Pero como el tiempo es el mayor enemigo de la soberbia, con los años la mayoría de aquellos jóvenes que hoy somos adultos, pasamos parte de nuestras vidas en esos mismos lugares virtuales que en su día intentamos ridiculizar. Y es ahí, entre Twitter e Instagram, donde me he dado cuenta de que las redes sociales además de ser una herramienta para compartir información, se han convertido en un lugar donde colectivizar las emociones que no somos capaces de digerir.
La mayoría de seres humanos no sabemos gestionar bien nuestras emociones negativas. Están ahí, las sentimos, a veces las esquivamos, otras las tapamos, nos drogamos para no sentirlas, las aplacamos comportándonos de mil formas compulsivas que nos hacen daño, intentamos no mirarlas…hacemos de todo menos integrarlas bien y ellas siguen en nosotros mandándonos avisos de que necesitan contarnos algo.
Así que cuando gritan demasiado fuerte y ya no podemos soportarlas más, abrimos la aplicación de Twitter enfadados y buscamos cualquier excusa para soltárselas a los que por allí estén en ese momento para que se las lleven bien lejos y se encarguen de hacer algo con ellas.
Pero el enfado, la ira y el odio no nos sirven de nada. Salimos de Internet aún más frustrados y enfadados porque Internet no son los padres. No podemos pretender el resto del mundo venga corriendo a encargarse de gestionar nuestros berrinches como si fuésemos niños pequeños que llaman a gritos a papá y a mamá para que vengan a solucionar el hecho de que al mundo no le dé la gana de comportarse como nosotros queremos que lo haga.
Colectivizamos las emociones en vez de intentar compartirlas porque, en parte, aún somos unos niños egoístas. Mi tristeza es mía. Es una parte de mí que no puedo ir dejando por ahí desperdigada a la espera de que alguien la adopte y se la lleve para siempre. No sería justo teniendo en cuenta que probablemente se la quiera entregar a alguien que por momentos no tiene ni idea de cómo gestionar la suya propia para que no le invada.
Mi tristeza es intransferible, pero la puedo compartir. Puedo mostrarla y pedir que me la cuiden, que la besen o que la acaricien, ayudándome así a sentirme mejor.
Toda esta confusión sobre las emociones viene de un error de aprendizaje. Cuando éramos niños no entendíamos bien las situaciones. Nuestros padres nunca pudieron curarnos las heridas, lo único que hacían eran ponerle un poco de Betadine y abrazarnos para consolarnos mientras las pupas se iban curando ellas solas.

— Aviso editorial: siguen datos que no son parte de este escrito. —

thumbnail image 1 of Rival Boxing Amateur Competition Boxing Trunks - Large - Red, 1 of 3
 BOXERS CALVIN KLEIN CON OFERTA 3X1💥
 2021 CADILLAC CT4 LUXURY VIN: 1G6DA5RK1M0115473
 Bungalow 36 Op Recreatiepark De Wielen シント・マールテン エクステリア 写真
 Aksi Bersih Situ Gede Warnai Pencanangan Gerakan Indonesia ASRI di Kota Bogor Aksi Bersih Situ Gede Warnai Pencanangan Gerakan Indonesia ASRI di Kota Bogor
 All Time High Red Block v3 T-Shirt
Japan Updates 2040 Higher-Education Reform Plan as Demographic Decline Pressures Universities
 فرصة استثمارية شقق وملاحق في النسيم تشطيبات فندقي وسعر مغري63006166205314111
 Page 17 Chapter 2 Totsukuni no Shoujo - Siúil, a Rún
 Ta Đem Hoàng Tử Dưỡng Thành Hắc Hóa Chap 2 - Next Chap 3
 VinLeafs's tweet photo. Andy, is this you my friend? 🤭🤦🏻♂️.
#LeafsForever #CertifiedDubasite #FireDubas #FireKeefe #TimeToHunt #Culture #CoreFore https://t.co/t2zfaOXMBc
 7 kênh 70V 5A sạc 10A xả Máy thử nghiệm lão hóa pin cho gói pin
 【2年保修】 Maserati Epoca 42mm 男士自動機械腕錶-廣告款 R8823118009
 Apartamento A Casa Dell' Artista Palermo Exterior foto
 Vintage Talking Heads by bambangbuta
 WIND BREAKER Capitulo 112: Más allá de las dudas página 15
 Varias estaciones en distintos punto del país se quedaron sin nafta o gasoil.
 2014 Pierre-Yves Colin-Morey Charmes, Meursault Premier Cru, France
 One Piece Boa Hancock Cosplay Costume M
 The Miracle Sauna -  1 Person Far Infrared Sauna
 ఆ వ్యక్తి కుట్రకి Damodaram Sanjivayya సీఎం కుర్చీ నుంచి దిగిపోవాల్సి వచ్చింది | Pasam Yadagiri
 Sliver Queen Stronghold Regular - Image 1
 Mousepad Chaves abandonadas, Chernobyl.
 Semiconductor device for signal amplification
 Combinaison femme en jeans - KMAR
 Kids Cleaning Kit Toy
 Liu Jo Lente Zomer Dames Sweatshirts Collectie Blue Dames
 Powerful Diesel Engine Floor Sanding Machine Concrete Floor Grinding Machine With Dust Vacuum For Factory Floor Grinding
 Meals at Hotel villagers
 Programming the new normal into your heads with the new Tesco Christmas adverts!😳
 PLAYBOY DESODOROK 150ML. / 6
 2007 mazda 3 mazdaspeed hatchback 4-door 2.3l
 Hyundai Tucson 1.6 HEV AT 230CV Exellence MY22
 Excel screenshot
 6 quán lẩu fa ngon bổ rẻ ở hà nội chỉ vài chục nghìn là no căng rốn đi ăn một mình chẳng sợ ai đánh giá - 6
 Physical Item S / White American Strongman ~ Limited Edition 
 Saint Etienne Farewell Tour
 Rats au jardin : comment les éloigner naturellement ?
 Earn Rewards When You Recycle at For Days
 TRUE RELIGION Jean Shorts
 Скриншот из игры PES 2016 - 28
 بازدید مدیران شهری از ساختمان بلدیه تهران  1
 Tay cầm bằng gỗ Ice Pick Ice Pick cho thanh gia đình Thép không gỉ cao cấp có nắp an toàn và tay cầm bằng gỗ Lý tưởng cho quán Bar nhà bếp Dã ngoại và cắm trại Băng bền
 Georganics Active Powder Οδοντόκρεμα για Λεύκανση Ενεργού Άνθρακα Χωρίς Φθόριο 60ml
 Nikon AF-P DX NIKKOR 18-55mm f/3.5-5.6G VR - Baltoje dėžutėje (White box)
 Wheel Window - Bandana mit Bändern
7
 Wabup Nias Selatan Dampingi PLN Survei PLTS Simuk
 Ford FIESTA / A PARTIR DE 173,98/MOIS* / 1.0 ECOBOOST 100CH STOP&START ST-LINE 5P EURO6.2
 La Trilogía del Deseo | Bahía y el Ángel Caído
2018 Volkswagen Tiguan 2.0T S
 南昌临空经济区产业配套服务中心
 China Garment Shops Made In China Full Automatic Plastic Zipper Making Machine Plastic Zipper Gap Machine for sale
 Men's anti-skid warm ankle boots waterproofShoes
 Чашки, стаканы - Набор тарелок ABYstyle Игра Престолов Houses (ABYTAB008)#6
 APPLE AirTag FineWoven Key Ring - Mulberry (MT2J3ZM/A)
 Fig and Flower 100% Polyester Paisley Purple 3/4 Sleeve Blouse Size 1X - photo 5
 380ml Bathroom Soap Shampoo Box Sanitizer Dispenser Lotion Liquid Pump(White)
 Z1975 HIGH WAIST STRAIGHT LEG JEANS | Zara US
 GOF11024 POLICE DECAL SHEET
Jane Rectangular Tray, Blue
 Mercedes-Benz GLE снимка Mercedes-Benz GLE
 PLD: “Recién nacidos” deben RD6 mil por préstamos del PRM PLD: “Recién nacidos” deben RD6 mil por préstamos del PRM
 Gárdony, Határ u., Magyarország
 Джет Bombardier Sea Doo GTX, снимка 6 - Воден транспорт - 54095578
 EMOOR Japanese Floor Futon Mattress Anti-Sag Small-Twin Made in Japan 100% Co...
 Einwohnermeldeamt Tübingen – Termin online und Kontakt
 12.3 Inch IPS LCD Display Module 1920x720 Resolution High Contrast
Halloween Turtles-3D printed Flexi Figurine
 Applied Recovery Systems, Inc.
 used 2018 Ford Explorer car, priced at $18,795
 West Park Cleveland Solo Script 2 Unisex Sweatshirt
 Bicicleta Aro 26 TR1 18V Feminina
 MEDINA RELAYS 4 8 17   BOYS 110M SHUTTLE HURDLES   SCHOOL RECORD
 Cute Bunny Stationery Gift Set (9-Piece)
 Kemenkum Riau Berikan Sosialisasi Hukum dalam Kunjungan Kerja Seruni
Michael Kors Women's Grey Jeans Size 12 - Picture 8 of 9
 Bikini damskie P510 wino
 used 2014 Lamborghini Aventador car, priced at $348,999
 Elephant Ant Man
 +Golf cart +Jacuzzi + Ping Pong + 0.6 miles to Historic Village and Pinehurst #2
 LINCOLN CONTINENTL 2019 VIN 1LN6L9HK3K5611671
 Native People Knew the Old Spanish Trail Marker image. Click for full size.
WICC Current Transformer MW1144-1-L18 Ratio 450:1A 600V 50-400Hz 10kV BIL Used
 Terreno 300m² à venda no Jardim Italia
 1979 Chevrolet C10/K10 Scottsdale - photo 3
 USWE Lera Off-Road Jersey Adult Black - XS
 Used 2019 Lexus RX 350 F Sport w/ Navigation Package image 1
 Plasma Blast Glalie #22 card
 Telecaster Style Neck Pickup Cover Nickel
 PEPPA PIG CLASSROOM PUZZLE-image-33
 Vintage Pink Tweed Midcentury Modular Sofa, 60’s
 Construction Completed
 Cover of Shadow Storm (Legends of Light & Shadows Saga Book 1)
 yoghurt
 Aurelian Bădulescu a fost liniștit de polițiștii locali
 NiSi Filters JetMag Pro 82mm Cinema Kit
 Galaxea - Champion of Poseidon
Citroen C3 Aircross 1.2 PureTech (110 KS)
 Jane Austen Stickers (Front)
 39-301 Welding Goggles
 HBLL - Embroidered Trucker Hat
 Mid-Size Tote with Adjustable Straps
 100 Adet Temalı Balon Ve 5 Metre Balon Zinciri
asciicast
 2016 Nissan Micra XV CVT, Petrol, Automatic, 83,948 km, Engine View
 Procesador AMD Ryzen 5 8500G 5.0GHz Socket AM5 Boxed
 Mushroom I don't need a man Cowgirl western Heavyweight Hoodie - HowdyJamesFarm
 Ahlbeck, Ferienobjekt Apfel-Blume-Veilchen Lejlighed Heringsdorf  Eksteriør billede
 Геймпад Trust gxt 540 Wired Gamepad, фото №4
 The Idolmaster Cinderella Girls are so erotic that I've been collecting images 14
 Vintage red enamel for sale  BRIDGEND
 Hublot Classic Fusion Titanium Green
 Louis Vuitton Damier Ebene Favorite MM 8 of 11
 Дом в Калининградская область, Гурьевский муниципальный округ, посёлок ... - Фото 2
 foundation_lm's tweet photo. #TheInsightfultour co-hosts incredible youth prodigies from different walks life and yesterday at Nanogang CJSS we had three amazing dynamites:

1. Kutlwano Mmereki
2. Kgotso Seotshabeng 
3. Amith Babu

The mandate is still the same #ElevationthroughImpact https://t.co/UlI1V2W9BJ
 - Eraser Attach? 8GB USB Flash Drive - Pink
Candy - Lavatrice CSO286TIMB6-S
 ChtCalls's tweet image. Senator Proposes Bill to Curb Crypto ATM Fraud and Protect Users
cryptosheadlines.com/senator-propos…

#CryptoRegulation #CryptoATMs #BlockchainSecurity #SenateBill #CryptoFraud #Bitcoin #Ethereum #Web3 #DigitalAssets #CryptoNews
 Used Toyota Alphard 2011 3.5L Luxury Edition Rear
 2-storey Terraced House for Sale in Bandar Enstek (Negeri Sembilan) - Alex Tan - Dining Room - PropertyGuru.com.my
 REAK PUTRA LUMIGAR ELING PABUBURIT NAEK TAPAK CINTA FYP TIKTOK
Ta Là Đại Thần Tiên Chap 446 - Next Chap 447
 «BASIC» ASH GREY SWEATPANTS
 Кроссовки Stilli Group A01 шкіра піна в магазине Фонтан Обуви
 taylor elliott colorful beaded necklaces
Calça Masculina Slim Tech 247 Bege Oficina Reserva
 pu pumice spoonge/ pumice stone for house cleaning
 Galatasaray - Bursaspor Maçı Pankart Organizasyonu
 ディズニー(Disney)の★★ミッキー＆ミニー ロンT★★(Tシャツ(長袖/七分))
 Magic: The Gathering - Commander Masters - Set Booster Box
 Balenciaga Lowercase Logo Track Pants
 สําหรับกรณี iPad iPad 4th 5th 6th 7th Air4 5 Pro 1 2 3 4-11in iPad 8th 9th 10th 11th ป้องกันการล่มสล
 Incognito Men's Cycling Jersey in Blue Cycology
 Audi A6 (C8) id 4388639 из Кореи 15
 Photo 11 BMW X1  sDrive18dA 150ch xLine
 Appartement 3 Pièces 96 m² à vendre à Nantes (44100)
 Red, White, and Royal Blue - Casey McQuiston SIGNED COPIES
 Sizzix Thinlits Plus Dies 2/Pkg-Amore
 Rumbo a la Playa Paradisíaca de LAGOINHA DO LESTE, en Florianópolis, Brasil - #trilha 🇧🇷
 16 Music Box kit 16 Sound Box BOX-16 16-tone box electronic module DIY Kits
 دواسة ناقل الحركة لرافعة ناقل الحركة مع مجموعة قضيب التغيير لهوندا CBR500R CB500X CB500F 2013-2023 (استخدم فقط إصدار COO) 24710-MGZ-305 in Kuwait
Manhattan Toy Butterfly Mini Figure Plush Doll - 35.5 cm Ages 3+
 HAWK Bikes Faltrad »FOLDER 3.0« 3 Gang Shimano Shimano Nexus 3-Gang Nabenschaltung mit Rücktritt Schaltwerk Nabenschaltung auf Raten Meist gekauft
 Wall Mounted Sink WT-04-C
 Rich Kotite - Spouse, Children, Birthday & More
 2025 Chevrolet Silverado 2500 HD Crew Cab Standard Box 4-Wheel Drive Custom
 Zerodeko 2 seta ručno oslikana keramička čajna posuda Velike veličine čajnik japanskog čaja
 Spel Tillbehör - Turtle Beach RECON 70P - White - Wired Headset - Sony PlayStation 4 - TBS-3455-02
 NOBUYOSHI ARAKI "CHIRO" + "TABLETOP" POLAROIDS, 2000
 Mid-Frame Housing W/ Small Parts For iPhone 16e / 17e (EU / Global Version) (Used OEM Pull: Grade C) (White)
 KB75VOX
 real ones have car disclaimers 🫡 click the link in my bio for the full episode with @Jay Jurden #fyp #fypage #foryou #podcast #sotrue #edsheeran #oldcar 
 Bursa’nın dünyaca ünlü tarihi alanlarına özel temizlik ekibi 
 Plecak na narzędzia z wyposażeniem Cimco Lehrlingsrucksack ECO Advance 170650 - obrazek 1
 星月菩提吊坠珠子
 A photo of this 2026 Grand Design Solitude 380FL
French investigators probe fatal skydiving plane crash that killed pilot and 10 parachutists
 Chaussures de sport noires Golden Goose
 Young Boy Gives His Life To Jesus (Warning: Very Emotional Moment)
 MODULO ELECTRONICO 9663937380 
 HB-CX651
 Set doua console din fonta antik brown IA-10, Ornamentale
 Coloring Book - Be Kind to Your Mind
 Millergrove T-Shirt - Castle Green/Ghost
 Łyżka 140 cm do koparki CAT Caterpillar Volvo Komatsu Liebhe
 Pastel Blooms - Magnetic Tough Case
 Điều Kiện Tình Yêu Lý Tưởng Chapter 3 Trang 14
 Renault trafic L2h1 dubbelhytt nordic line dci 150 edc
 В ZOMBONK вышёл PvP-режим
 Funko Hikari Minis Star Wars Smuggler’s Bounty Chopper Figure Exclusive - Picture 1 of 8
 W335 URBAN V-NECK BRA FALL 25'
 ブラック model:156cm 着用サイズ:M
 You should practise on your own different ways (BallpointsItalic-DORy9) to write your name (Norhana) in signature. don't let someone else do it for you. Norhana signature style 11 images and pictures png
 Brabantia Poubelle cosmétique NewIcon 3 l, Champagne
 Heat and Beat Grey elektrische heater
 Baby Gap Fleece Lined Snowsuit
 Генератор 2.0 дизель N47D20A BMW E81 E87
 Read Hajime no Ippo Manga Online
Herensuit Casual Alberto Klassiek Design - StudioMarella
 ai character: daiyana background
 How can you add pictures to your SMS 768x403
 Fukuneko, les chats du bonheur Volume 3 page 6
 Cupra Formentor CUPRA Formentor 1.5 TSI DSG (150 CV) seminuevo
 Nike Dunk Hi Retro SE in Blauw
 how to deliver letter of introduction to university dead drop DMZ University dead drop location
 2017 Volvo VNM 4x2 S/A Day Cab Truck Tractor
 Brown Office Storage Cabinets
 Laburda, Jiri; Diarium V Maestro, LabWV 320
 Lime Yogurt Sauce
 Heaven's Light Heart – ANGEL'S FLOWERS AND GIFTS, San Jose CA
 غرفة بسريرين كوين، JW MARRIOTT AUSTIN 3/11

Me gusta muchísimo poder hablar con otras personas en mis redes sociales. Si me ven por allí, por favor, no me entreguen su enfado, es muy probable que yo ese día esté intentando respirar un poco del ahogo de mi tristeza o esté escapándome un rato de mi miedo.
Pero si necesitan unas gotas de Betadine, no duden en pedírmelo, voy por la vida con un cargamento enorme y estaré encantada de compartirlo con ustedes tantas veces como lo necesiten.